Open Table Formats in the Wild™ - Reloaded: Vortexing Ducks over Floating Icebergs

Franz Wöllert

Data Handling & Data Engineering
Python Skill Novice
Domain Expertise Intermediate

Description

The core promise of open table formats is engine interoperability with ACID guarantees, mutability, and schema evolution for massive datasets stored on cheap, reliable cloud object storage. Modern data platforms demand far more than just interoperable, analytical batch processing.

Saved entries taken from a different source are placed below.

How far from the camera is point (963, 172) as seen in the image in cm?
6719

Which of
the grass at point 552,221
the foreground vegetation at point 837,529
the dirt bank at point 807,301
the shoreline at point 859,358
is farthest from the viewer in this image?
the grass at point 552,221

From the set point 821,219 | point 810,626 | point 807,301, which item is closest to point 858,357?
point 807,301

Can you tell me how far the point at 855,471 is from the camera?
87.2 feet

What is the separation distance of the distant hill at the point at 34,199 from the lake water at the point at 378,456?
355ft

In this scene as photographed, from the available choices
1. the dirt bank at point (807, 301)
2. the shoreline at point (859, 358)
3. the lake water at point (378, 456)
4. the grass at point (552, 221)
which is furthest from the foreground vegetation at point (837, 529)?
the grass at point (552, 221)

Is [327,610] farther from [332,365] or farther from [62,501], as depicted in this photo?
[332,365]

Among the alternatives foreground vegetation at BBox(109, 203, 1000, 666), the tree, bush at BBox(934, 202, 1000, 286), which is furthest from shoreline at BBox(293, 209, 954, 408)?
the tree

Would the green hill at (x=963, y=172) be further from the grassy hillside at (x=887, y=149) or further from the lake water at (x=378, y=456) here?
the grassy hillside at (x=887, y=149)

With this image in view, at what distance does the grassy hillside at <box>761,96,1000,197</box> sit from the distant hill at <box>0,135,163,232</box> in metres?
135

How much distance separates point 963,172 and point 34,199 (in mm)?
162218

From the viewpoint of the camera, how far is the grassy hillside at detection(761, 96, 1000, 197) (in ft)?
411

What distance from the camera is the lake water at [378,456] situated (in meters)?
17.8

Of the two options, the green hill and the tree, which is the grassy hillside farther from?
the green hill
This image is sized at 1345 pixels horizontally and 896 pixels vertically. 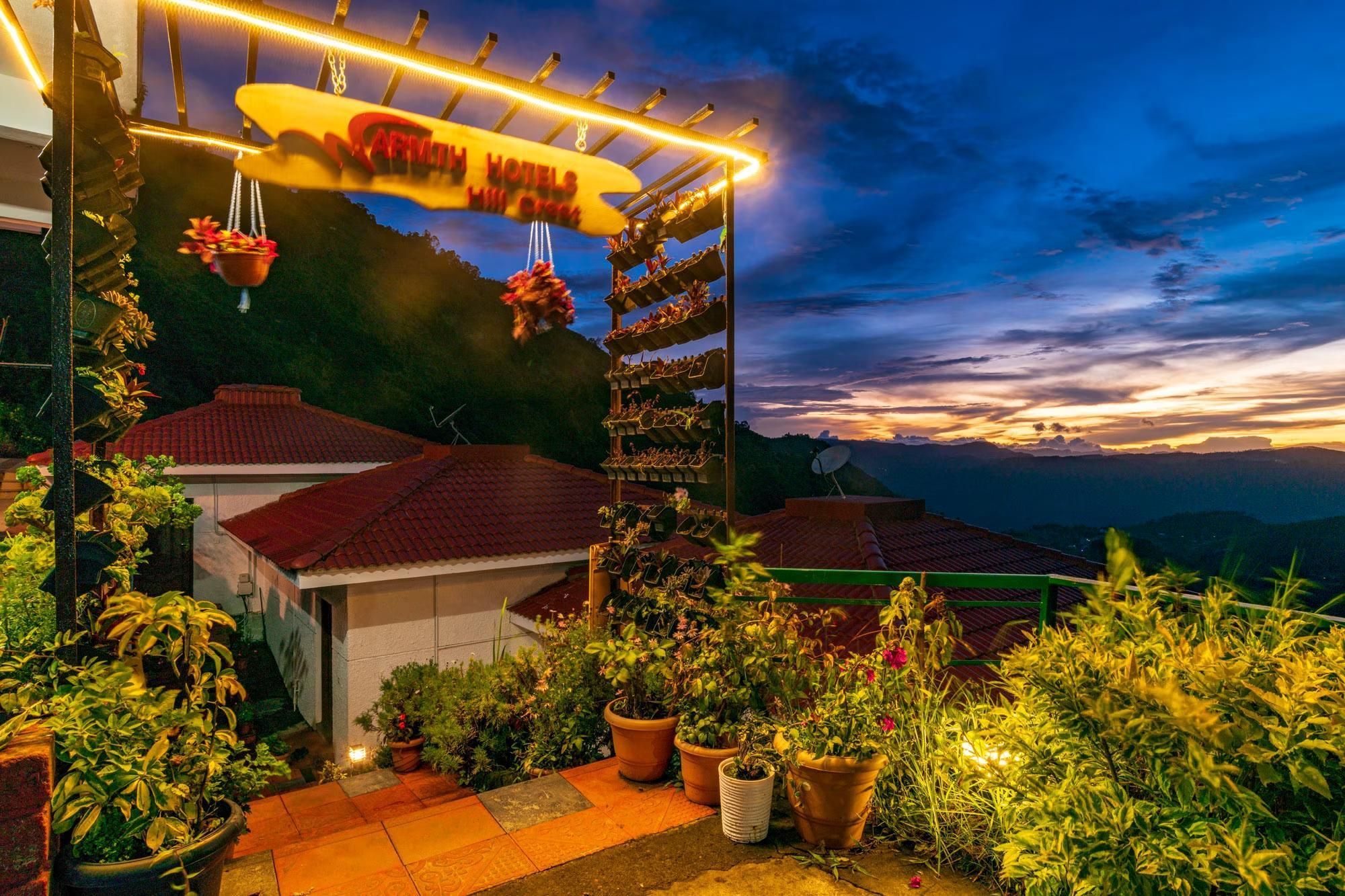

Engineers now require native support for CDC, incremental processing, streaming workloads, low-latency access, and point lookups - especially for AI-driven applications. Ideally, all of this would be covered by a single, unified solution.

However, Parquet - the foundational format for physically storing much of today’s data - predates both the AI boom and the era of unified batch and streaming systems. Likewise, Iceberg’s original design DNA was firmly rooted in large-scale, batch-oriented analytical workloads. This raises an uncomfortable question: are Parquet and Iceberg truly up to the task?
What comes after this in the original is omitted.